> _RECORDS PROVIDED_
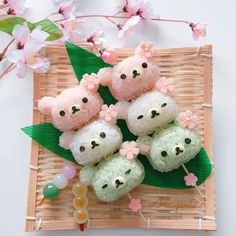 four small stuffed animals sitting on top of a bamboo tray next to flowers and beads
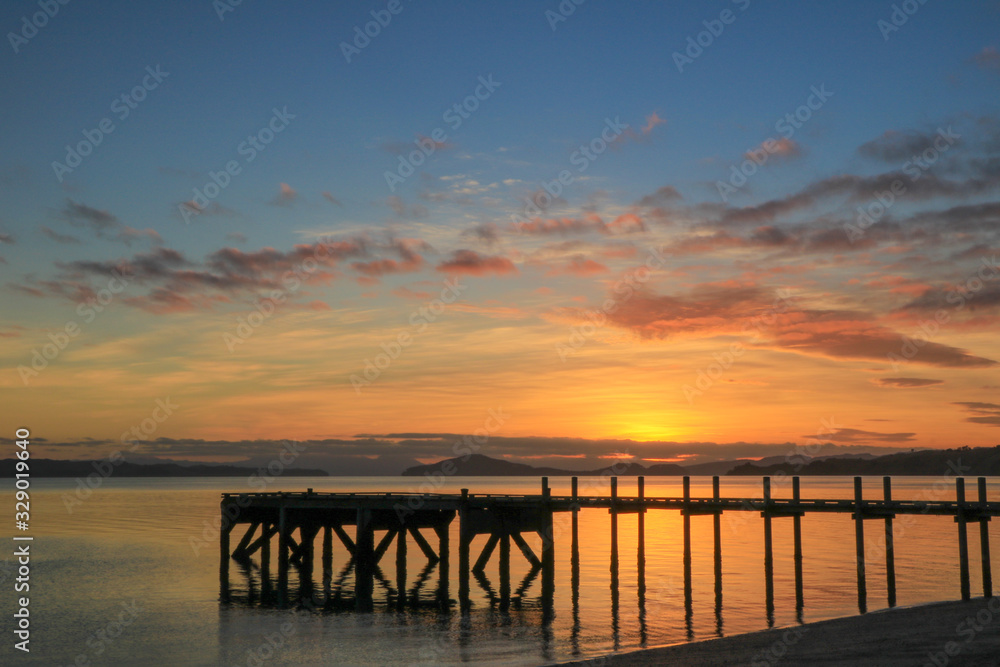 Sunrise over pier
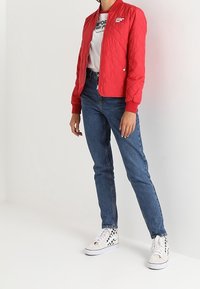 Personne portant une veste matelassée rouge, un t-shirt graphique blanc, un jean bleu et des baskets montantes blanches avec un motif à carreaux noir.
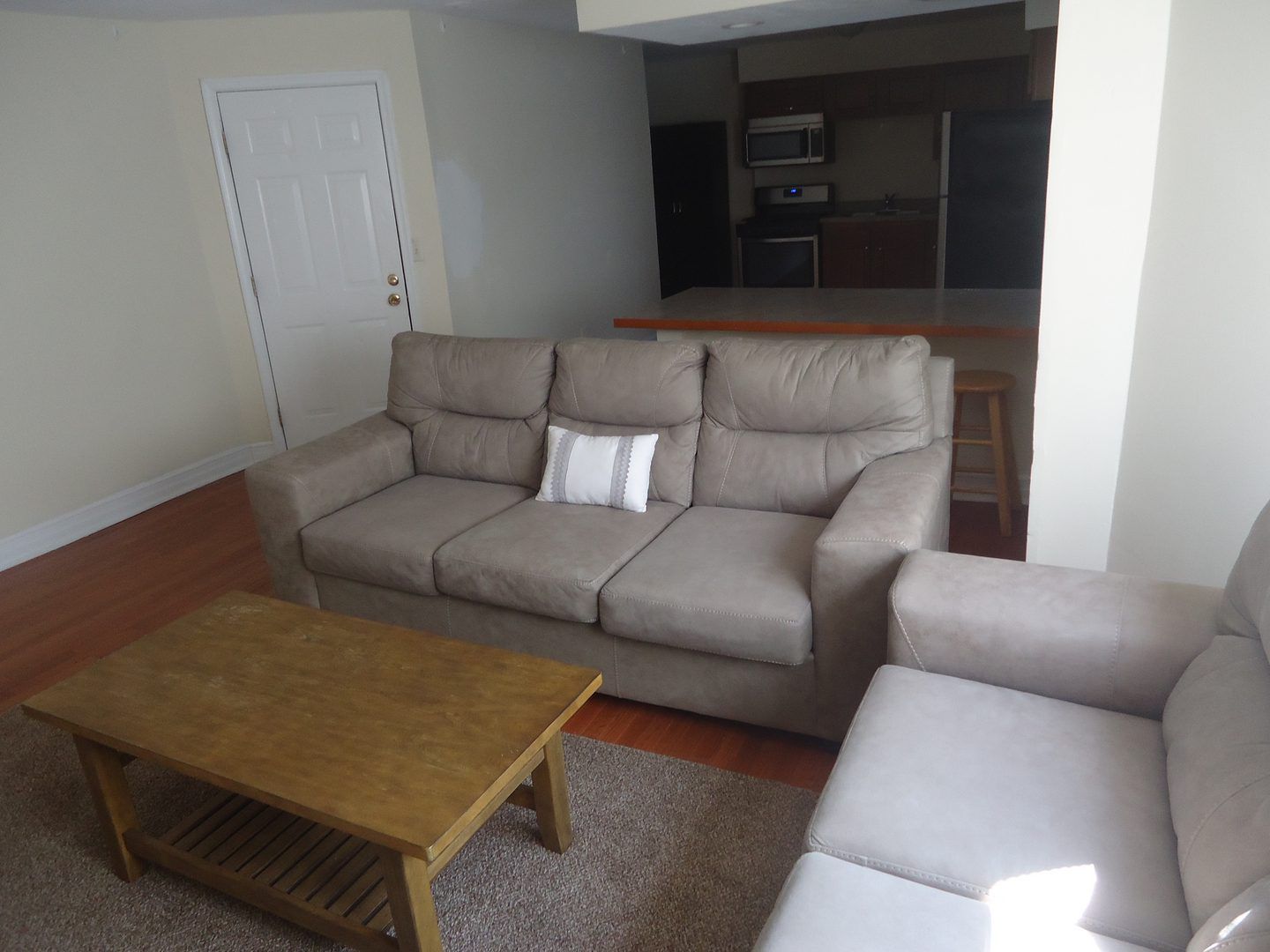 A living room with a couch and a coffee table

==

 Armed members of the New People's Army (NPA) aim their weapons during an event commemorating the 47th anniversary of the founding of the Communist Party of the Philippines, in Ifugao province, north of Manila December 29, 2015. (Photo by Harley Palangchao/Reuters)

> _WHAT IS EXPECTED_
The lines to set down run from the line with "Personne portant une" up to and including the line with "A living room" in the entries above. Reproduce them exactly, with no pictures.

> _TASK RESULT_
 Personne portant une veste matelassée rouge, un t-shirt graphique blanc, un jean bleu et des baskets montantes blanches avec un motif à carreaux noir.
 A living room with a couch and a coffee table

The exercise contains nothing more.